Segment Start: Supplied data
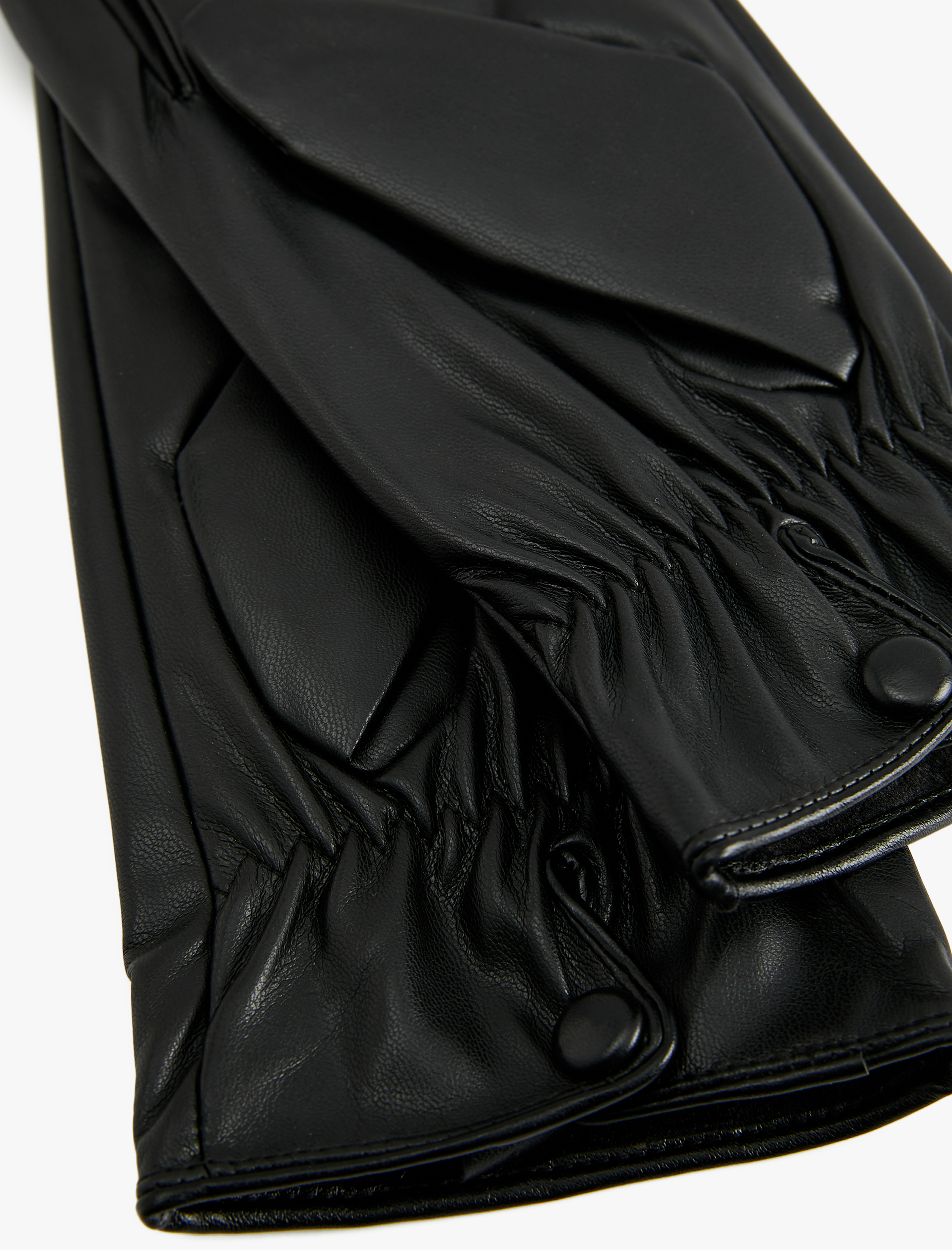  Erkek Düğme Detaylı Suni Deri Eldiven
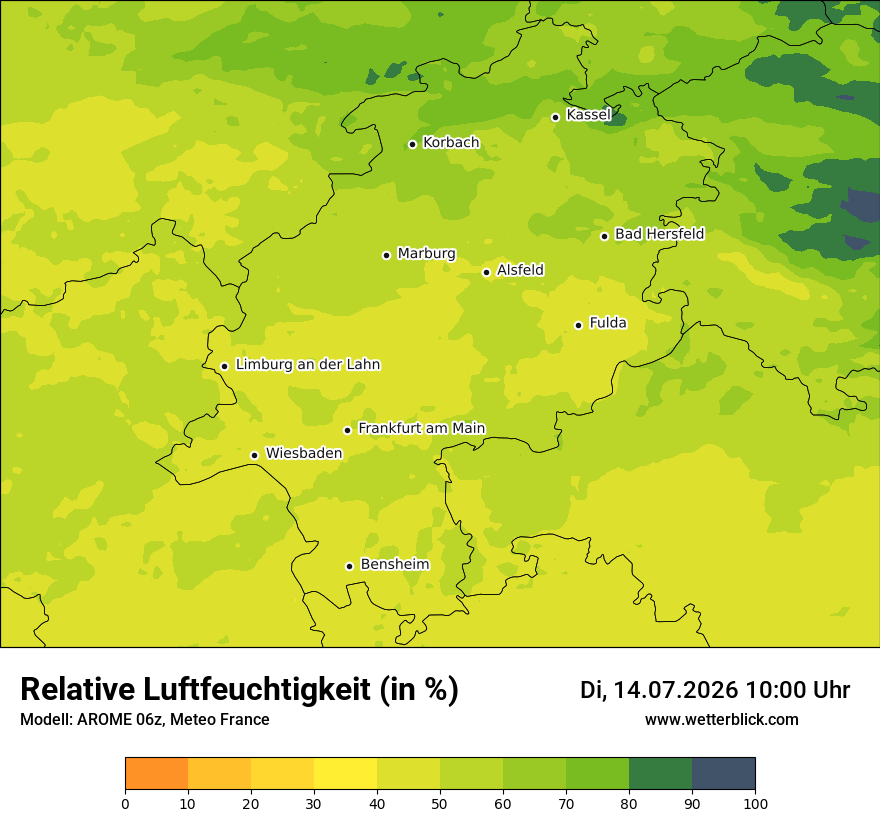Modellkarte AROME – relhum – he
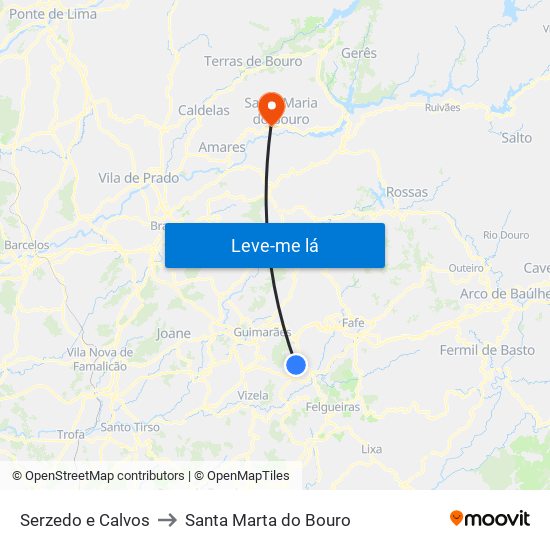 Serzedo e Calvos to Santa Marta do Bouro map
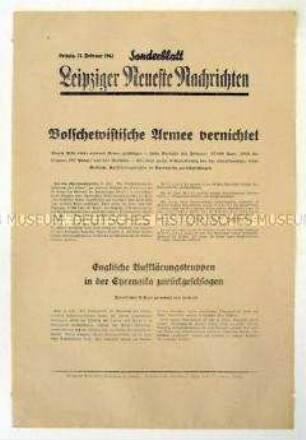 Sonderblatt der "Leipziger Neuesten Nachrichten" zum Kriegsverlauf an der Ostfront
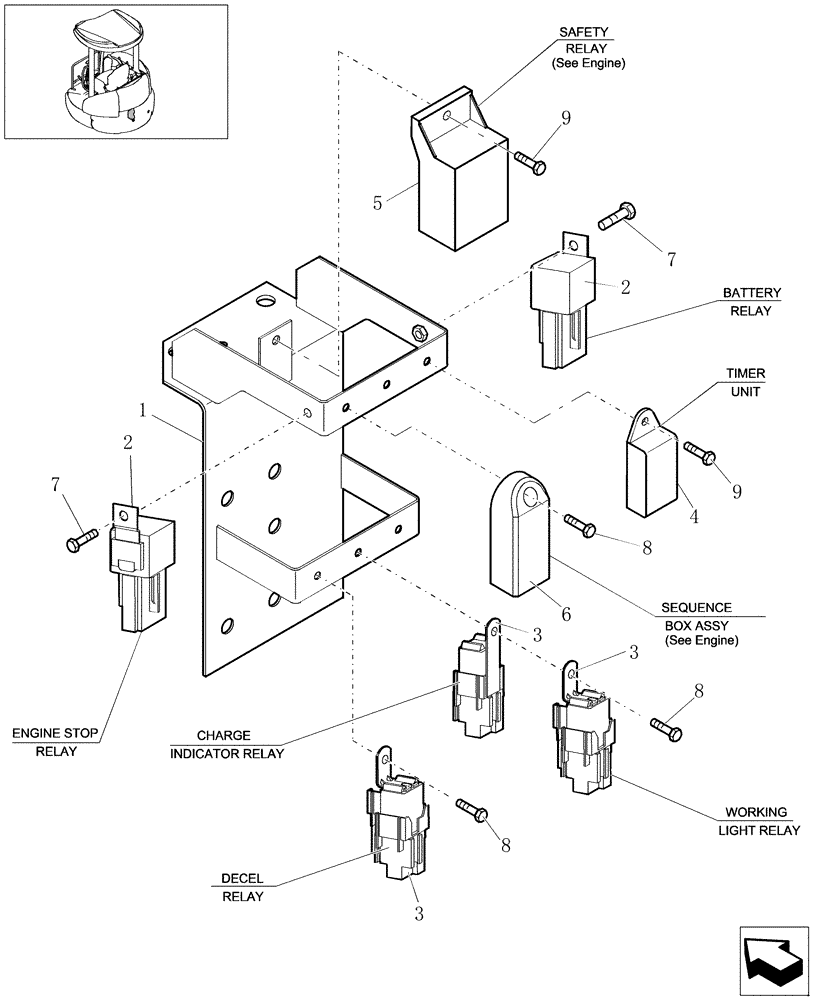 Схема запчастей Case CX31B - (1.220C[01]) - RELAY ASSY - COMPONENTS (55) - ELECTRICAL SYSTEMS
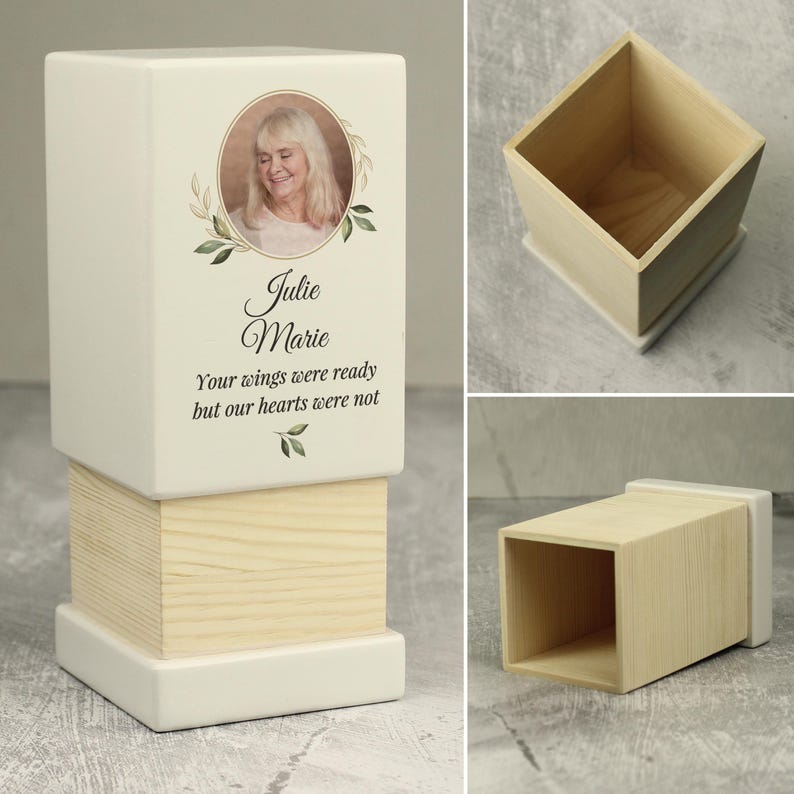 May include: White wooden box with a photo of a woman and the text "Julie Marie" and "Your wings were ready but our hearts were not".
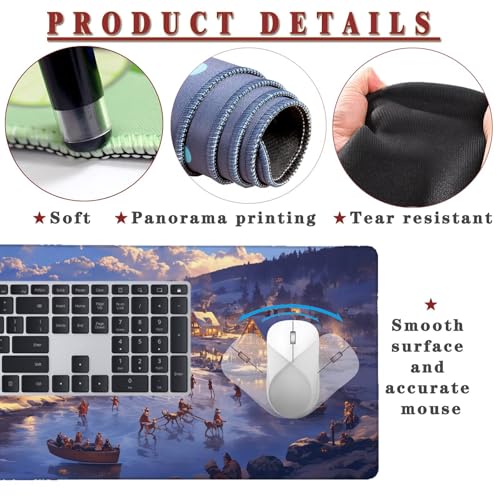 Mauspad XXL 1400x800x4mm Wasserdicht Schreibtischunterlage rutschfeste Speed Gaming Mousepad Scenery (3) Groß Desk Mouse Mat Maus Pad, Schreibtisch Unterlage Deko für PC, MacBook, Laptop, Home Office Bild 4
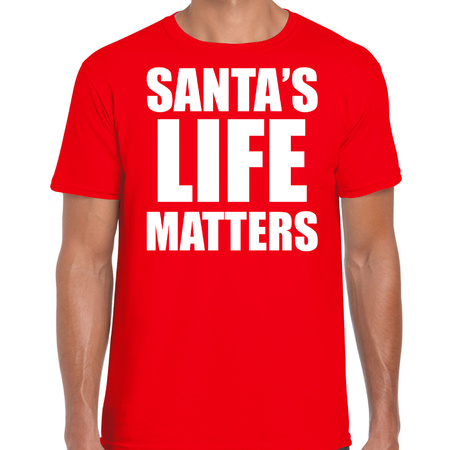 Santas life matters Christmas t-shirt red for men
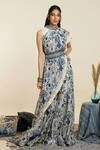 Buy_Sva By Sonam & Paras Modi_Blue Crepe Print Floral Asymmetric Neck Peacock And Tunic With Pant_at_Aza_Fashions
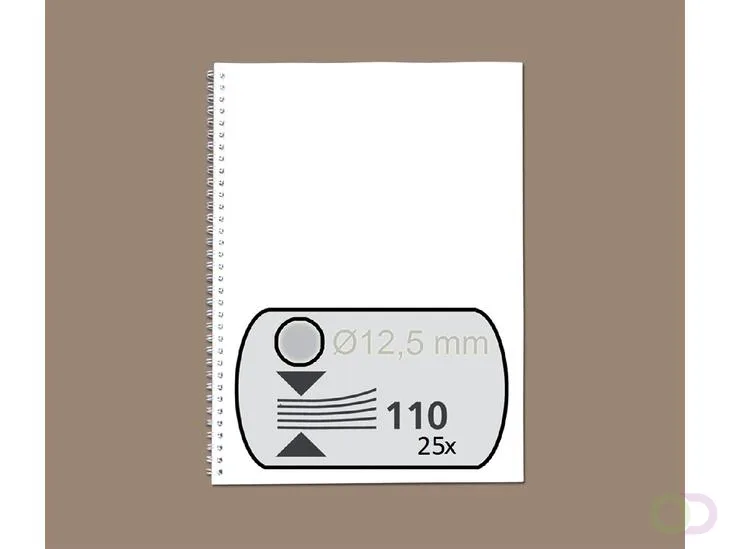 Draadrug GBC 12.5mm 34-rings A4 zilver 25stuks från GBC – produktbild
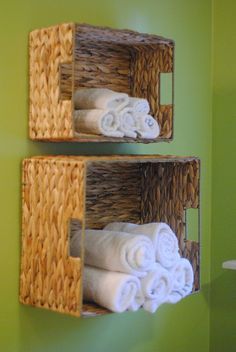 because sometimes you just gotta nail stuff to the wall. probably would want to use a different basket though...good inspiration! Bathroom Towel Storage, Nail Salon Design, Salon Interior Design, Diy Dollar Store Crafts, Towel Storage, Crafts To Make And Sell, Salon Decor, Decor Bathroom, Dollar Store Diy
Segment End: Supplied data
(Aim of the exercise): Word for word, reproduce all of the entries above and omit the pictures.

(Task answer):
  Erkek Düğme Detaylı Suni Deri Eldiven
Modellkarte AROME – relhum – he
 Serzedo e Calvos to Santa Marta do Bouro map
 Sonderblatt der "Leipziger Neuesten Nachrichten" zum Kriegsverlauf an der Ostfront
 Схема запчастей Case CX31B - (1.220C[01]) - RELAY ASSY - COMPONENTS (55) - ELECTRICAL SYSTEMS
 May include: White wooden box with a photo of a woman and the text "Julie Marie" and "Your wings were ready but our hearts were not".
 Mauspad XXL 1400x800x4mm Wasserdicht Schreibtischunterlage rutschfeste Speed Gaming Mousepad Scenery (3) Groß Desk Mouse Mat Maus Pad, Schreibtisch Unterlage Deko für PC, MacBook, Laptop, Home Office Bild 4
 Santas life matters Christmas t-shirt red for men
 Buy_Sva By Sonam & Paras Modi_Blue Crepe Print Floral Asymmetric Neck Peacock And Tunic With Pant_at_Aza_Fashions
 Draadrug GBC 12.5mm 34-rings A4 zilver 25stuks från GBC – produktbild
 because sometimes you just gotta nail stuff to the wall. probably would want to use a different basket though...good inspiration! Bathroom Towel Storage, Nail Salon Design, Salon Interior Design, Diy Dollar Store Crafts, Towel Storage, Crafts To Make And Sell, Salon Decor, Decor Bathroom, Dollar Store Diy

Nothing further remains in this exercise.